EA Canada Senior Producer Jason DeLong predicts that game prices will probably go down at some point in the near future, but says that the decrease will be balanced out by a corresponding rise in the amount and expense of DLC.
“I think that we’re going to start to see – maybe not in the next year, but in the near future – games go down the route of smaller up-front experiences and lower prices at the beginning,” DeLong said in an interview with GameInformer. “And then the ability to extend the game through episodic material or future feature material. I think that’s a direction we’re probably heading in.”
In the grand scheme of things, DeLong thinks it’s a change that will benefit consumers and be better for game developers as well. “Games are getting more expensive, and times are tough, and it’s getting harder to purchase every game you want,” he continued. “So, how can we keep people playing and offer them more but not have to make them break the bank to do it? It’s going to be an interesting creative problem for us to solve.”

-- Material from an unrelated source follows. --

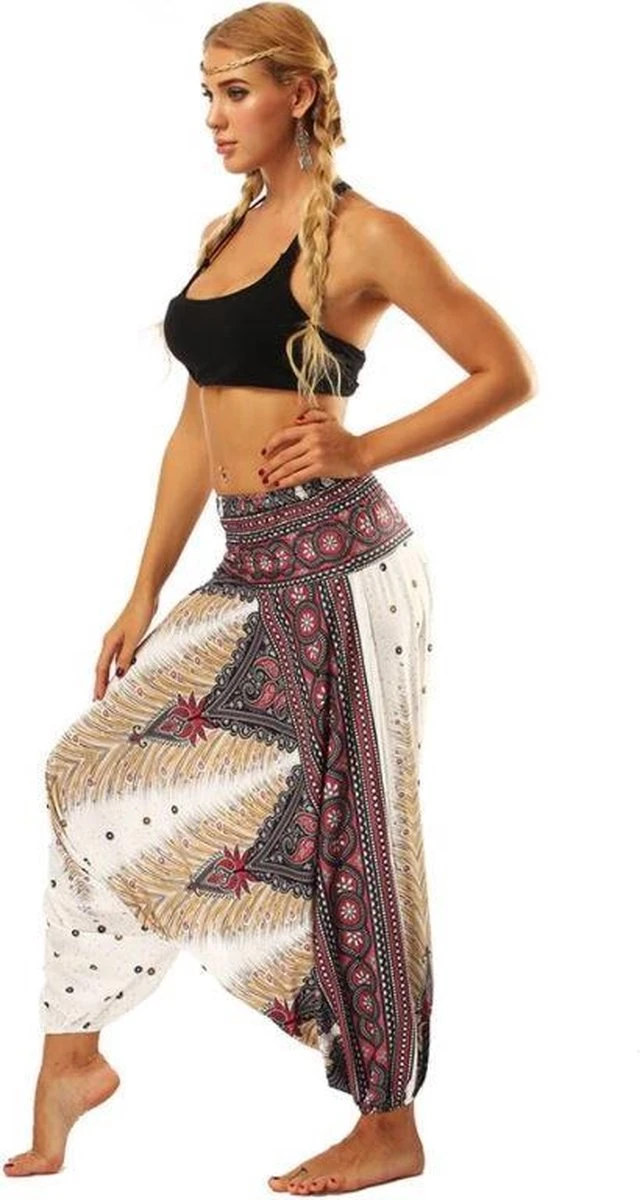Merkloos Yoga Pants Loose Women High Waist Women Summer Loose Yoga Trousers Baggy Boho Jumpsuit Harem Pants Gym White Fractal 10 Merkloos Yoga Pants Loose Women High Waist Women Summer Loose Yoga Trousers Baggy Boho Jumpsuit Harem Pants Gym White Fractal - Afbeelding 8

The DLC trend is obviously growing – EA’s Dragon Age: Origins is a great example of that – and at some point, gamers are bound to question why they’re paying full price for less-than-full games. But while the concept of “less now, more later” looks good at first blush, it creates some inherent pressures of its own, particularly for developers who have trouble coming across with timely new content for popular games.
Consider Half-Life 2 Episode 1, which I think very easily qualifies as a game with a “smaller up-front experience.” It was released in mid-2006 – that’s three and a half freakin’ years ago – yet Episode Three, the culmination of the story arc, is still little more than a Duke Nukem-esque fantasy. Only the strength of the Half-Life franchise makes this forgivable; if Valve was a normal developer – like, say, Ritual Entertainment – a schedule like that would have driven it into the ground years ago.
DeLong is right in that increasing reliance on DLC and episodic content is almost inevitable. Will that translate into a meaningful change for anyone? That’s a different matter entirely.